Month: March 2015

Blogfolio Next Steps

Mar24 agendaI had the opportunity to present at Sterling Hall’s “Character Education Unconference” this past Monday March 24th, sharing our journey so far with Blogfolios. If you ever have the chance to share something from your classroom with a group of educators: DO IT! Being able to just sort through this process in preparation was enough reason to put myself in this uncomfortable position. But then being able to get some feedback and bounce ideas off my fellow teachers was really the icing on the cake. It was the cherry on top that I could go with my incredible colleague and also see her present!

So where am I and where are these Blogfolios? Currently, students are about 2 months away from sharing these with their parents. Students have about 8 artifacts posted from throughout the year (I was hoping for a few more by this point, but c’est la vie) showing either a growth, challenge, or next step.

In two weeks, students will hopefully have a piece reflecting on their growth from the beginning of their debate journey to now, picking apart how they have seen their growth mindset (GM) develop (not in those words exactly, but this is where I want the students to go with their writing).

In May, students will be sharing their Blogfolios in small groups (or just one-on-one with their parents). It would be awesome if they were sharing these with their “support sister groups” (small “Tribes” style groups with high trust built since January), to all of the parents belonging to that group of 3 or 4 students, answering questions about their development over the year using posts from their Blogfolio as evidence of their learning and change.

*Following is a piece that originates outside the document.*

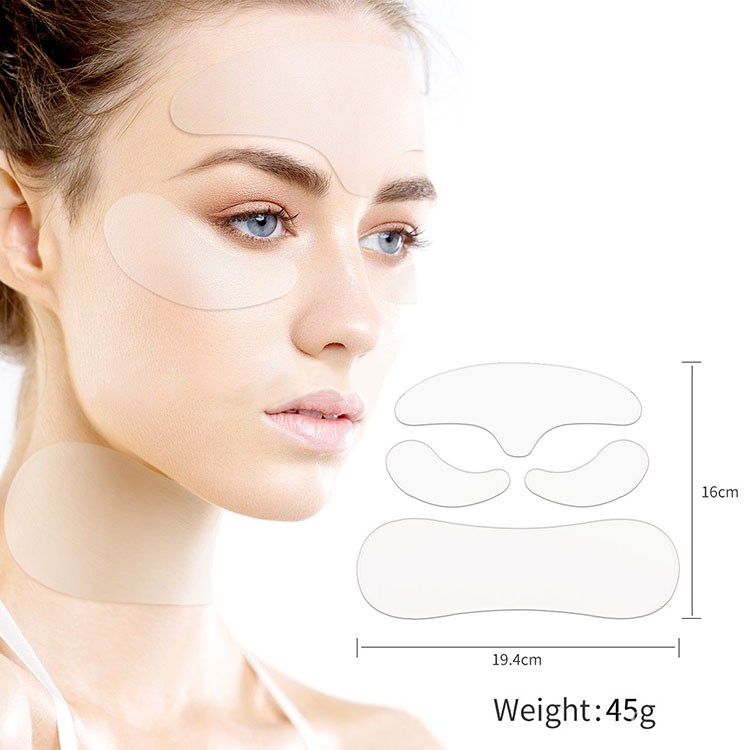Eco-friendly Medical Grade Silicone Adhesive Anti Wrinkle Neck Décolleté Chest Forehead Pad Transparent Silicone Pad (6)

But one major thing I’m noting about exploring growth mindset is that Blogfolios are just scratching the surface. Since Garth shared this Tweet out…

Growth Mindset Rubric

I’m now curious about how to embed GM into evaluation tools / rubrics. Where else I can be filming students to document change? How could documentation play a role in students seeing their growth and change over time?

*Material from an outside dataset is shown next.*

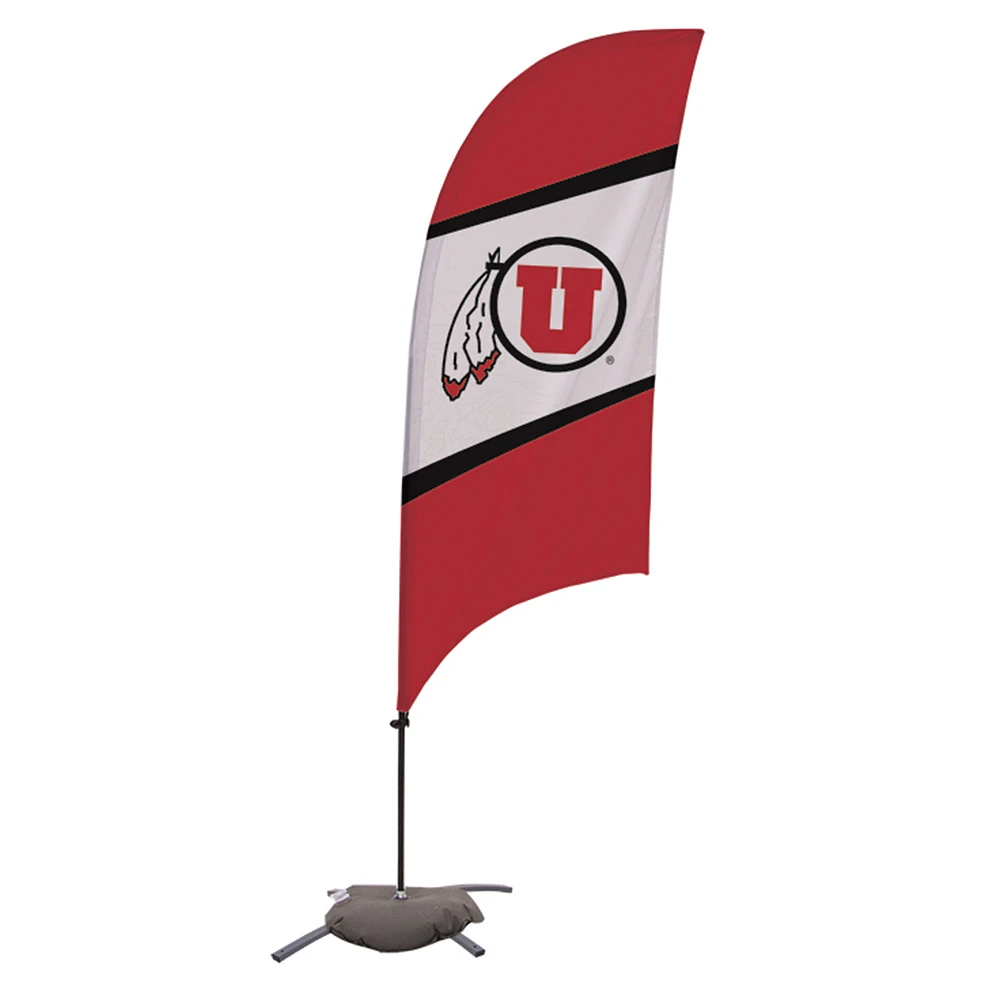 Utah Utes 7.5' Razor Feather Stake Flag with Base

That’s the thing about growth mindset: you can never really be done!

Seeing growth with your own eyes

There are so many firsts in the beginning of a teaching career. These last five years (not the musical version, sadly) I’ve had so many awesome new experiences. This year, however, is the first time I’ve been able to take a second stab at a project. What a great way to put into practice what I’ve been learning about growth mindset! The only way I can get better in my practice as a teacher is to try try again.

Before the break, my¬†students were¬†busy bees preparing their arguments for their upcoming debates connecting “The Book Thief” to Canadian History using big ideas to unite the content of these seemingly separate areas of thinking. You can read my posts from last year about this project here.

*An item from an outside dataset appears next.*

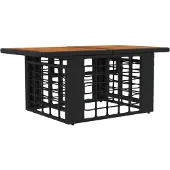 Syfax Gartentisch Schwarz und Natur 100 x 55 x 37 cm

Version 2.0 of this project is much more centred on fostering a growth mindset with my students using some pretty straightforward ed-tech-tools. Some of the basic changes are as follows:

1) Students were filmed giving a basic, fun, and unrehearsed debate. I uploaded all the clips to a shared Google folder. They reviewed the clips of themselves and completed a reflection on their “performance”. They judged themselves against a success criteria that we drafted together in class.

Success Criteria

 

2) Once they had their basic arguments formed, feedback was incorporated, and they had a simple debate script developed (all on Google docs), they filmed themselves (in partners) on iPads. Before they hit “record” though, they had to review what they wanted to improve from their first filming and make efforts to improve this aspect with their second stab at it. Neither this stage or the first stage was evaluated with grades, to allow students the time and space to just make mistakes and learn from that process. All the videos were uploaded to a shared folder so I can view and comment on this assessment as learning experience, offering necessary feedback before their final debate.

3) The next stage will be for students to reassess themselves using this same success criteria above, and make a plan for what they want to focus on with the presentation of their final debate. My hope is that this three-stage process can be added to the students’ Blogfolios, chronicling their learning and their growth over time.

I’m surprised with how simple yet powerful it has been for students to be confronted with themselves so clearly. It’s impossible to ignore the weird fidgeting, constant “ums”, or shifty eye contact when you are looking right at yourself. If anything, students are TOO critical of themselves when viewing the recorded presentations.

But leveraging the “squirm factor” and obvious emotional reactions of watching yourself on screen is such a powerful way to promote authentic reflection and growth. I’m excited to see if the pay off is stronger final presentations!